Model N's tools (also cloud-based) are now rebranded as ImpACT, with modules for pricing, managed markets, brand management, field sales management and channel management. The company also highlights its ability to manage the Public Health Service 340b programs, which makes drugs available at a discounted price for federally funded "covered entities”—generally health facilities for the indigent.

Commenting on the Model N LeapFrogRx acquisition, Eric Newmark, program director at IT advisory firm IDC Health Insights (Framingham, MA) notes that "The current disconnect between sales and marketing and the revenue management side of pharmaceutical manufacturing exists at a fundamental level. Try asking a pharmaceutical company to tell you which US state is [its] most profitable.” According to him, aligning channel activity with the variety of sales and promotional actions that manufacturers are taking will result in better oversight into market performance, better tools for negotiating tier placement on formularies, and, not incidentally, better compliance with federal and state pricing and reimbursement policies.

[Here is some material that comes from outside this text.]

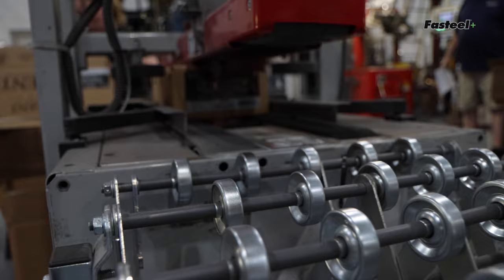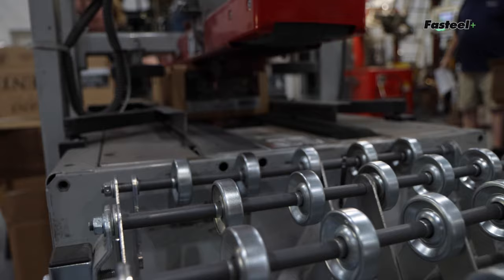If you want to learn more about this shotshell, we actually went out to West Virginia and got to see it made. We got to work on patterning and talk all about Kent Fast Steel Plus. We're going to have all those videos on our social media platforms including YouTube, so go check them out there.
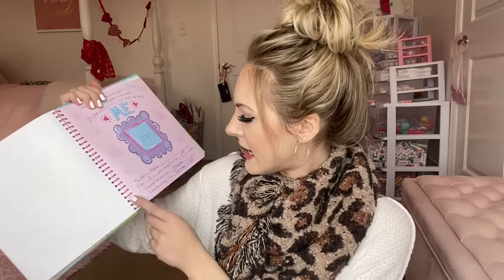Oh my gosh, I just had such a nostalgic rush! I'm pretty sure my grandma got this for me — I used to fill out these pages with my best friends. On the front page it says: my name is Kayla, I am eight years old, I am in the third grade, I received this book from Grandma, and I started writing in it December 21st, 2007. So I was right — this bag is from around third grade.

At Revitas, Joe Marttila, senior director, puts an emphasis on the company's ability to match brand performance throughout the life cycle of a product, along with the efficiency of developing the right conract terms quickly to customers. The company's CARS system has long been used to reconcile chargebacks and rebates, and to provide the pricing calculations necessary for government pricing programs. Going back several years, Revitas acquired Edge Dynamics, one of the early FFS management firms, and uses that functionality to bring channel data into the contract administration mix.

Revitas' software offerings are now organized as a suite of services built on its Flex platform, which incorporates Oracle database software with tools developed by Revitas for contract administration; dynamic pricing analysis; membership (of GPOs and other classes of trade) management, and government pricing compliance. Marttila says that, with the right analytic tools, Revitas software can be used for aggregate spend analysis, the looming burden on manufacturers to report all types of reimbursements to prescribers (See Pharmaceutical Commerce, Jan/Feb, p. 1). "It's a question of being able to pull through our customer master data on royalties, milestone payments (to researchers) and the like, and then combine with the spending by sales and marketing teams,” he says.

In conversations with these data mining firms, there is a clear impression that providing solutions for business problems like aggregate spend analysis is just the beginning of new analytical powers that are being developed (see table). Valuecentric's Janca notes that as the data made available becomes more granular, channel data management begins to resemble the track-and-trace programs being developed in the supply chain management arena (see p. 26). "Track-and-trace requires more data elements than what are currently being collected, but when there is industry agreement on what the critical data elements are, we could be providing a solution,” he says. "Many of the connections with trading partners in the supply chain have already been made.”

One feature of many of these business-intelligence systems is that they are cloud-based. Although cloud-based computing is not automatically the "better” way to run an IT department, it is true that a key part of a cloud-based system is that trading partners or other participants have gone through the exercise of creating secure links to the data repositories operated by these vendors. With links in place, one of the key hurdles of track-and-trace systems—the ability to share data on demand with trading partners—is already in place. Another is that many of the trading-partner identities are already established in the master data files (although it is likely that only some of them have used the "global location number” (GLN) that the GS1 organization has espoused. One obstacle, however, is that in many cases channel data are blocked ("blinded”) by retailers from inclusion in a shared database.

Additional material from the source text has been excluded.